Anthopologically, John Kendall Crossen gave us both Adventures in Tomorrow and Future Tense; William Tenn produced his only anthology, Children of Wonder; Bleiler & Dikty did Imagination Unlimited; noted juvenile sf author Milton Lesser gave us Looking Forward; in addition to the one we'll look at this time, the indefatigable Groff Conklin managed to produce four other books; John Carnell told us there was No Place Like Earth; no less a writer than Fletcher Pratt showed us The Petrified Planet; Fredric Brown and Mack Reynolds celebrated with A Science Fiction Carnival; and the usual magazine suspects produced collections, including Astounding, Galaxy, F&SF, and Startling. In addition, Fred Pohl inaugurated his respected original anthology series, Star Science Fiction.

In fact, these two years saw a plethora of anthologies, more than 45 of them by divers hands. It's a rich vein, indeed. But this time around, we'll only look at two of them, both from the same publisher.

Doubleday wanted very much to have their own paperback imprint rather than letting those potentially lucrative rights go to another publisher, so in 1948 they created Perma Books (it was sold to Pocket six years later).

Originally, they intended to produce not only paperbacks, but paperback-sized hard covers bound in laminated boards. Nothing as elaborate as Ballantine's little hard covers, or the Viking Portable Library series, just something that could sell for a few cents more than the average paperback and stand up to heavier use. They mostly used this for non-potboiler work, such as collections of famous quotes and the like, but they did do the occasional popular title as well, including Groff Conklin's 1950 anthology, The Science Fiction Galaxy. They also published the first paperback edition of Clifford Simak's City, Ace Books notwithstanding.

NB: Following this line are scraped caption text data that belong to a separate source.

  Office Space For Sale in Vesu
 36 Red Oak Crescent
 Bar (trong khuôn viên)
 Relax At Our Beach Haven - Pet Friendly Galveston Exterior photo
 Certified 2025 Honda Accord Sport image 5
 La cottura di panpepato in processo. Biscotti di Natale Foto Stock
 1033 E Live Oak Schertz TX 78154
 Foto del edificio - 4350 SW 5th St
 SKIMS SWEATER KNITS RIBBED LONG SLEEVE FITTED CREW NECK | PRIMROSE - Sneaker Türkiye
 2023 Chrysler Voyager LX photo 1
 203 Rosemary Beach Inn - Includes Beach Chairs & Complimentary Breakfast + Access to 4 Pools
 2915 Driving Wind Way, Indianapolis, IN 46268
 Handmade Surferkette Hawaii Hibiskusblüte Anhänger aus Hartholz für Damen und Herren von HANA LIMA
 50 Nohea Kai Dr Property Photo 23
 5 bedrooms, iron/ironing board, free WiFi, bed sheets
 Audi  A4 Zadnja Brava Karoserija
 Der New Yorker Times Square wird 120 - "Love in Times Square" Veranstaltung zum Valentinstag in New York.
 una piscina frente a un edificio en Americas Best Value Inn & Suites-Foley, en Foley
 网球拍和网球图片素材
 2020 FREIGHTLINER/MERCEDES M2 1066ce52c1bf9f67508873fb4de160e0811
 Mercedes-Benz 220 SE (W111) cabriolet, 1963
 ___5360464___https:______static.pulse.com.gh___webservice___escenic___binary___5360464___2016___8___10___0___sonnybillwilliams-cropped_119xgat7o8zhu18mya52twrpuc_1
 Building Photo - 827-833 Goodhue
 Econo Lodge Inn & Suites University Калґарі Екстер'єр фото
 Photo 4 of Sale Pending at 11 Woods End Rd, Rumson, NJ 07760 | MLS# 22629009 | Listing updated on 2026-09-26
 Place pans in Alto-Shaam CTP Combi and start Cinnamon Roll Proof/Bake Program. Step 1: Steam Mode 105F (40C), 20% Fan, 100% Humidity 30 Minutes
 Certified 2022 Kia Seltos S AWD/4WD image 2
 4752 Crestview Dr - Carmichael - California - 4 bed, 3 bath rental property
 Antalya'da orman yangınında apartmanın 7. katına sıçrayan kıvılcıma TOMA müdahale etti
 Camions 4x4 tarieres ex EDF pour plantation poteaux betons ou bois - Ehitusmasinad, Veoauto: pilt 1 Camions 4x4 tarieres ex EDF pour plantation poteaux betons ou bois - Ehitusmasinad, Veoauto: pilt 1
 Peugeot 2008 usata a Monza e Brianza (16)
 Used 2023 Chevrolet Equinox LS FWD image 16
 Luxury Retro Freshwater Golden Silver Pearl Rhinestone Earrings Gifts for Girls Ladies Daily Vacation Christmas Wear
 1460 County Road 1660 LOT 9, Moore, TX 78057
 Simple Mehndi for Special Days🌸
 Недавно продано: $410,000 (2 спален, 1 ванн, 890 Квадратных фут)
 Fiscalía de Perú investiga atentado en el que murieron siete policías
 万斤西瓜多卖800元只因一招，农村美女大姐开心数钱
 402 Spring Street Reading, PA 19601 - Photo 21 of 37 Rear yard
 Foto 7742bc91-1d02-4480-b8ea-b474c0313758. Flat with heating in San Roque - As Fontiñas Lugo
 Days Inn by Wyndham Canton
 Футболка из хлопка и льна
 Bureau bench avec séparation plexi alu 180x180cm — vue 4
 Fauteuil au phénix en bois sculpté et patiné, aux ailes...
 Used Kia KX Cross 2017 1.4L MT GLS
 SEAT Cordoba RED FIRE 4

This eases us into the two books we'll be looking at this time around, Conklin's Crossroads in Time and Fred Pohl's Beyond the End of Time. (Get it? Time, and Time again? HAH! And Mary insists my jokes aren't funny.) Bookwise, it was fairly early on for both editors; although Conklin had begun anthologizing sf in 1946, this was only his second mass market title, and BtEoT would be Pohl's first anthology under his own name1, and the first of two he would do for Perma Books.2

Between the two hefty paperbacks, there are 37 stories, 719 pages of prime rib sf, all for a mere 70¢. Beat that with a stick. All the masters are there: Asimov, Heinlein, Leinster (twice), Simak, Bradbury. All the best magazines are represented: Astounding , Galaxy, Planet Stories, even Colliers.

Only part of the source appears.